Activity. Output exactly the lines of the listing below that run from the line with "stack of heart" through the line with "Kansas City Royals'". No pictures.

Recorded information.
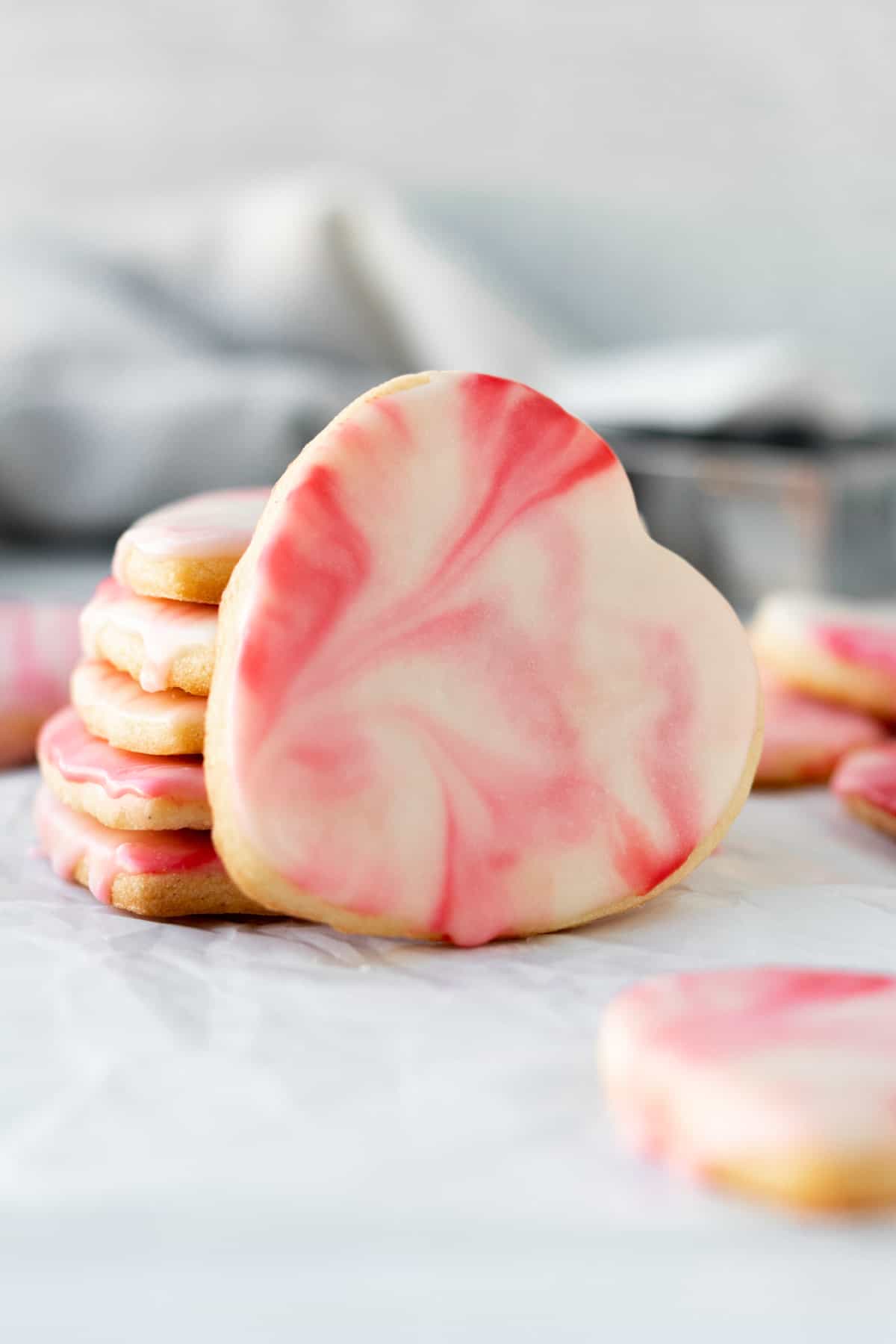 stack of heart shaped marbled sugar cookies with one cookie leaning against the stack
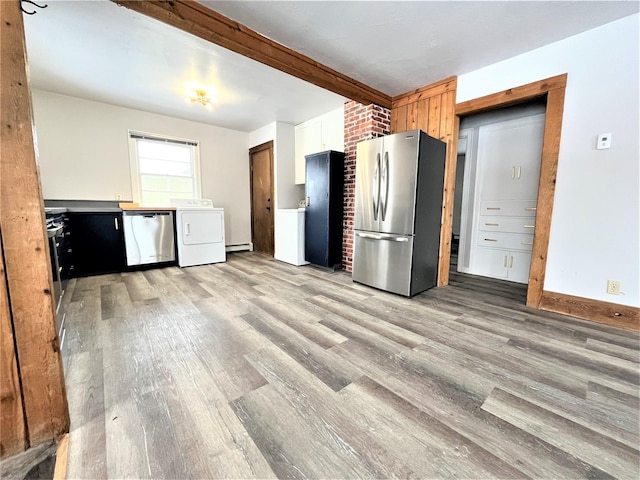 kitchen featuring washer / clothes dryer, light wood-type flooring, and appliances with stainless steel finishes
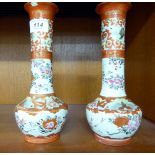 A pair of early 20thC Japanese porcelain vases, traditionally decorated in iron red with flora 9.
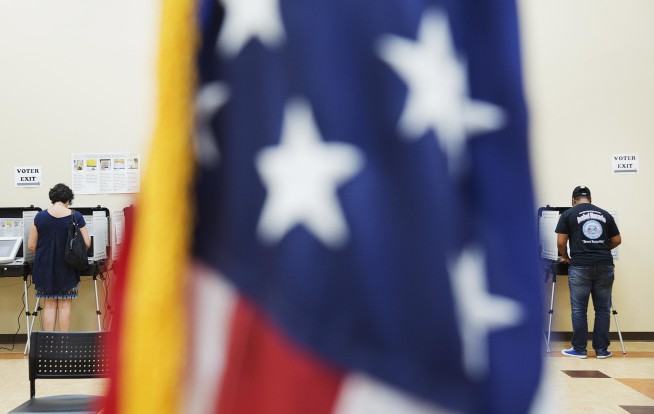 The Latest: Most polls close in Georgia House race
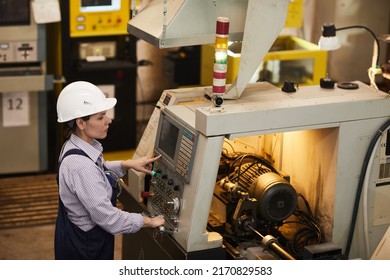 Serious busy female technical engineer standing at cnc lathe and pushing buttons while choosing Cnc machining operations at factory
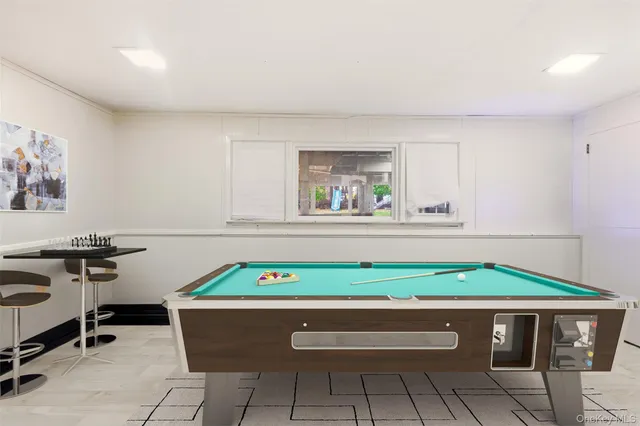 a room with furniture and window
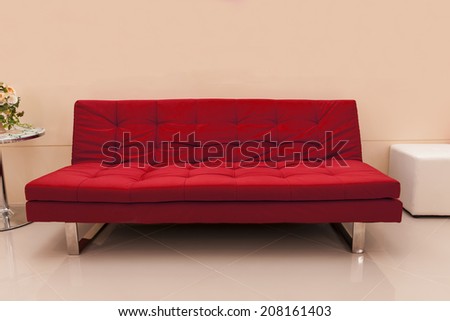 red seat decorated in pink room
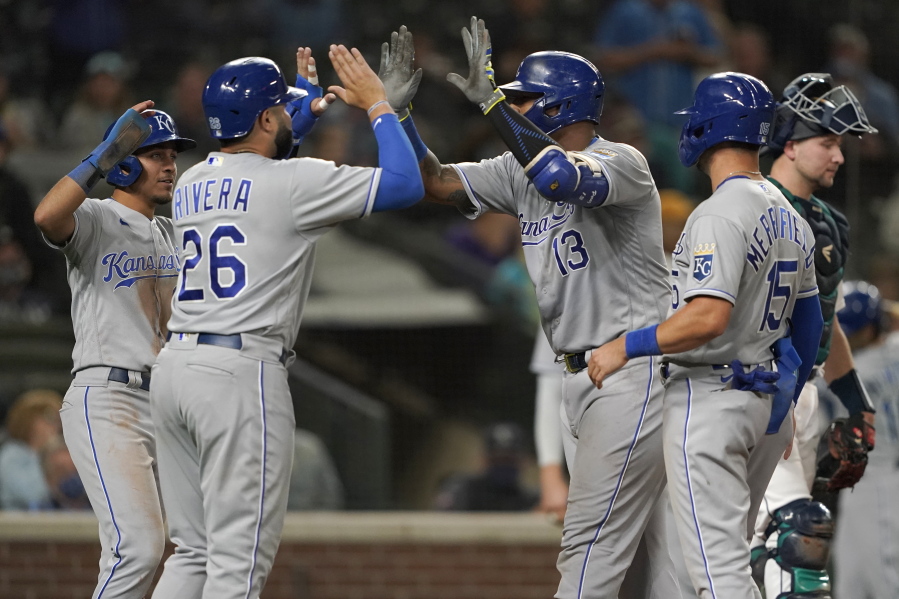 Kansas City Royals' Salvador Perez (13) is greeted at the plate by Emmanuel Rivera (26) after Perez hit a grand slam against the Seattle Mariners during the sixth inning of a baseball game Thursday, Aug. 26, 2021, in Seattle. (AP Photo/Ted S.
--
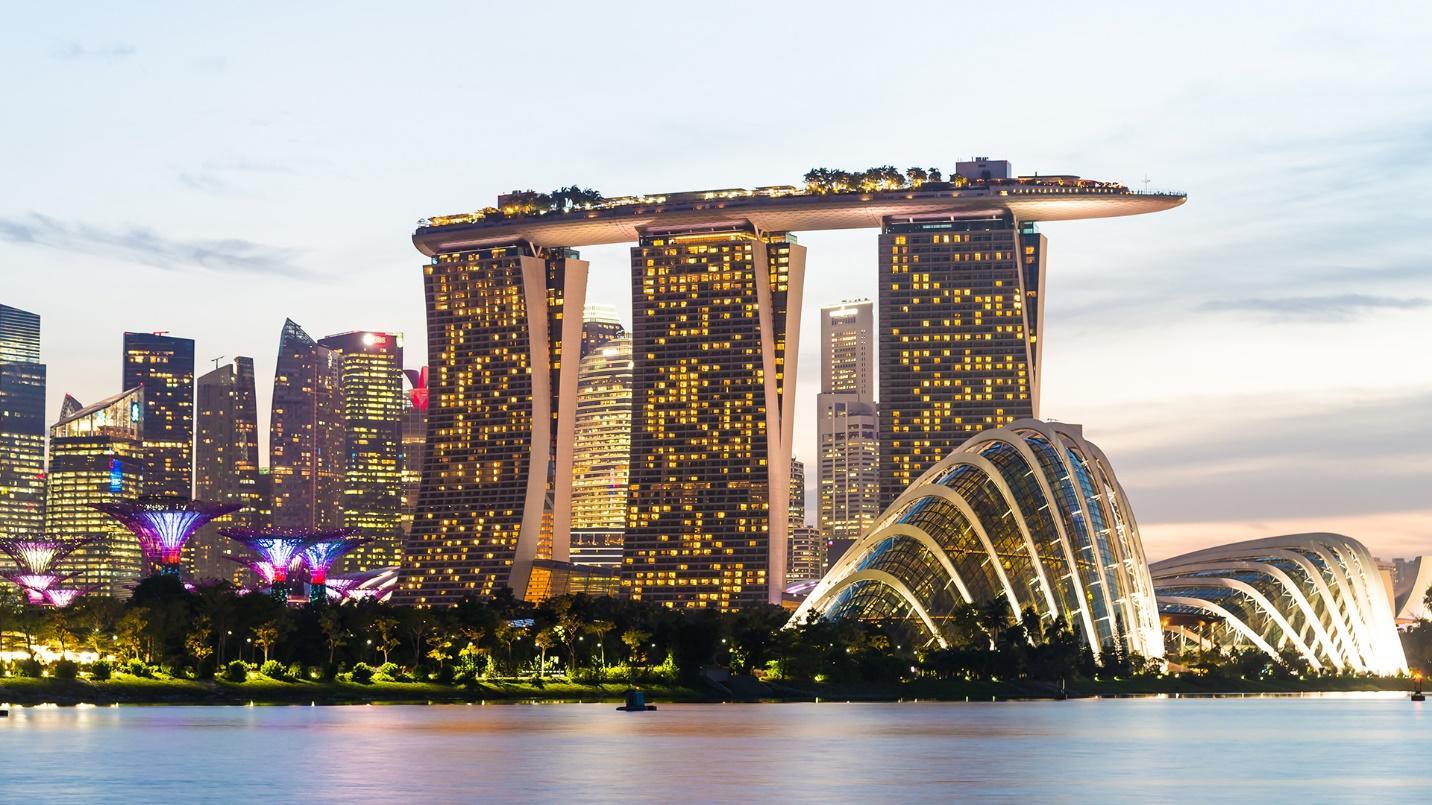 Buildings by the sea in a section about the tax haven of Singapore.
* * *
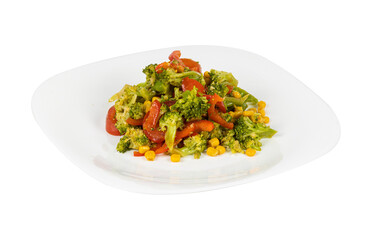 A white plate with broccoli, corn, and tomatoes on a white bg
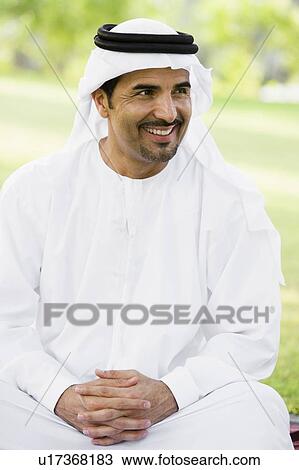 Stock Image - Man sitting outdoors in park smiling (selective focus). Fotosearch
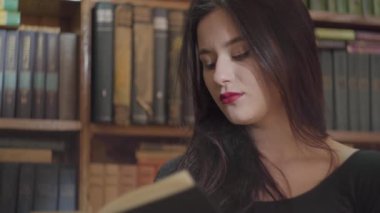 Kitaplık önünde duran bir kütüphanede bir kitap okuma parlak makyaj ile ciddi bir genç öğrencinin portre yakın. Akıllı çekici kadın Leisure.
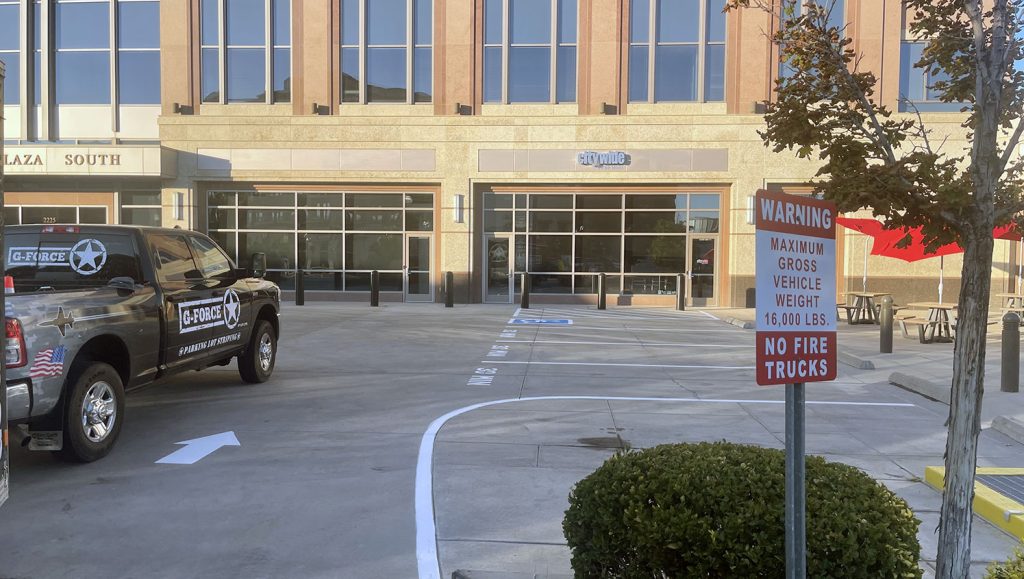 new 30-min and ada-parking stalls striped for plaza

Reply.
 stack of heart shaped marbled sugar cookies with one cookie leaning against the stack
 kitchen featuring washer / clothes dryer, light wood-type flooring, and appliances with stainless steel finishes
 A pair of early 20thC Japanese porcelain vases, traditionally decorated in iron red with flora 9.
 The Latest: Most polls close in Georgia House race
 Serious busy female technical engineer standing at cnc lathe and pushing buttons while choosing Cnc machining operations at factory
 a room with furniture and window
 red seat decorated in pink room
 Kansas City Royals' Salvador Perez (13) is greeted at the plate by Emmanuel Rivera (26) after Perez hit a grand slam against the Seattle Mariners during the sixth inning of a baseball game Thursday, Aug. 26, 2021, in Seattle. (AP Photo/Ted S.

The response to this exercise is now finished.